Ele também conta que ocorreram rompimentos com alguns fiéis após fazer pregações mais progressistas que traziam acolhimento a pessoas em vulnerabilidade social, sem acesso à saneamento básico, à saúde, ou rejeitadas por serem LGBT+ (sigla para Lésbicas, Gays, Bissexuais, Transexuais e mais).
“Sou cristão e, a partir disso, me tornei progressista. Algumas pessoas vieram me questionar sobre o meu voto na esquerda. Dialoguei, expus com base bíblica, mas elas não aceitaram e me viram como louco”, relata Moreira.
O psicanalista Gabriel Lima, 23, teve que se afastar de alguns familiares e amigos por conta da mesma situação. “Tentaram cercear a minha fé. Participar dos encontros é fundamental para me fortalecer. Lá [no projeto], ajudamos uns aos outros”, conta.
“Isso vai acabar. Bolsonaro vai ganhar. Vocês vão perecer”. Essa foi a mensagem que o pastor Marcos Gladstone, 46, dirigente da Igreja Cristã Contemporânea, no Tatuapé, também zona leste de São Paulo, ouviu na porta do templo por uma pessoa que passava no local.
Fundada em 2013, a igreja reúne entre 250 e 300 membros, com unidades no Rio de Janeiro, Minas Gerais e Bahia, e é conhecida por ter pessoas LGBTs nos cultos. “Nossa igreja é inclusiva. Seria incongruente apoiar um governo que é homofóbico, misógino, machista, racista e que não vê as minorias que estão dentro da igreja”, diz o pastor.
Por ser um lugar que se posiciona em prol da construção de um espaço que aceita a pluralidade de orientação sexual ou identidade de gênero dos fiéis, a igreja sempre enfrentou diversos ataques. “Já picharam o muro do templo com versículos bíblicos, já mandaram nos convertemos”, conta Gladstone.
“Muitos irmãos estão emocionalmente abalados com toda a polarização política. Alguns romperam novamente com os familiares que chegaram a questionar a fé deles”, complementa.

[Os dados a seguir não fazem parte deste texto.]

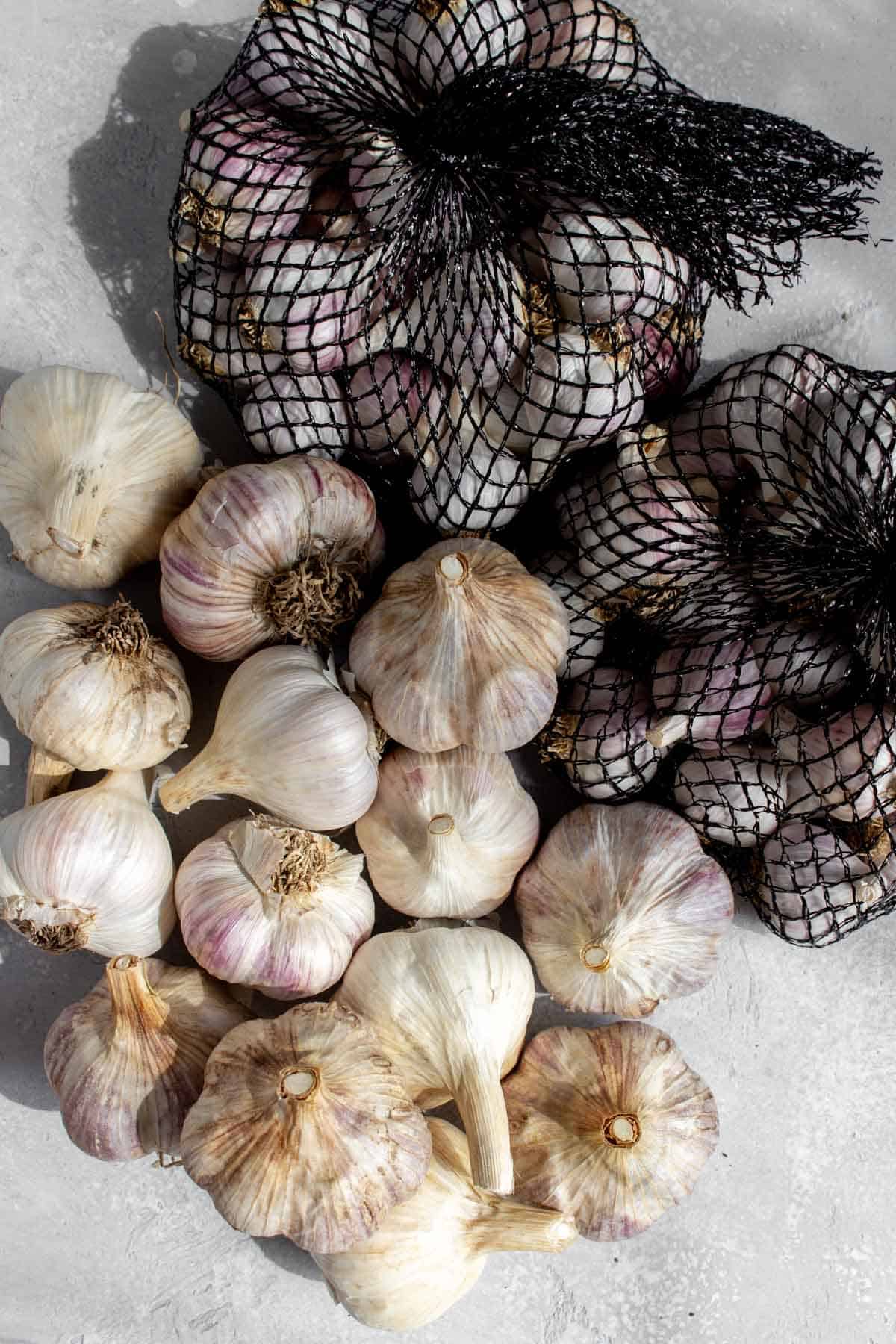 Multiple garlic in a pile, some in a bag.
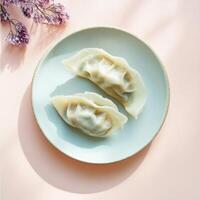 Artfully cut open cabbage and pork dumplings displayed on a minimalist plate with delicate flowers photo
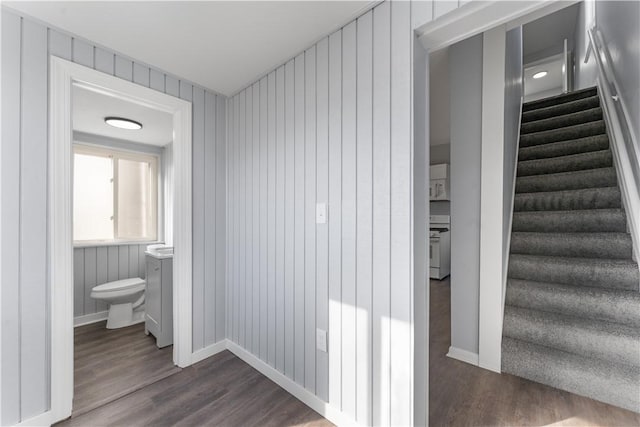 hall with stairs, dark wood-type flooring, and baseboards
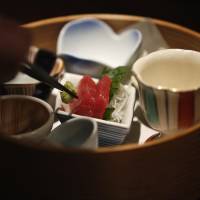 A chef places wasabi next to slices of tuna sashimi at a Japanese restaurant in Tokyo on Dec. 5. Michelin-starred chef fears loss of tradition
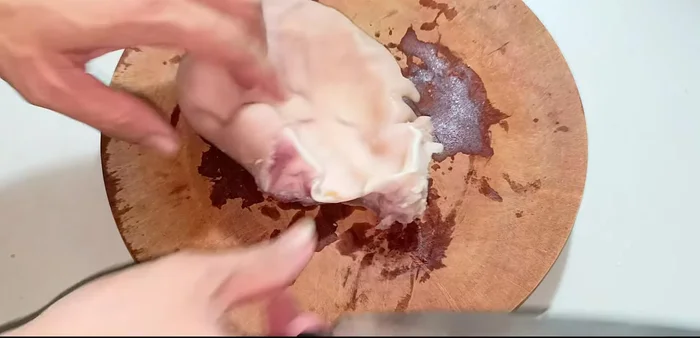 Cut and prepare the pig's hands and tongue for rolling. Cut the tongue into strips.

O pastor Eduardo Soares, 49, também dirige a Igreja Contemporânea e conta que já passou por constrangimentos pelo voto na esquerda. “Tenho uma amiga, que agora é ex-amiga, que vivia me mandando mensagens com insultos camuflados, questionando a minha posição evangélica e como eu poderia votar no Lula”, conclui Soares.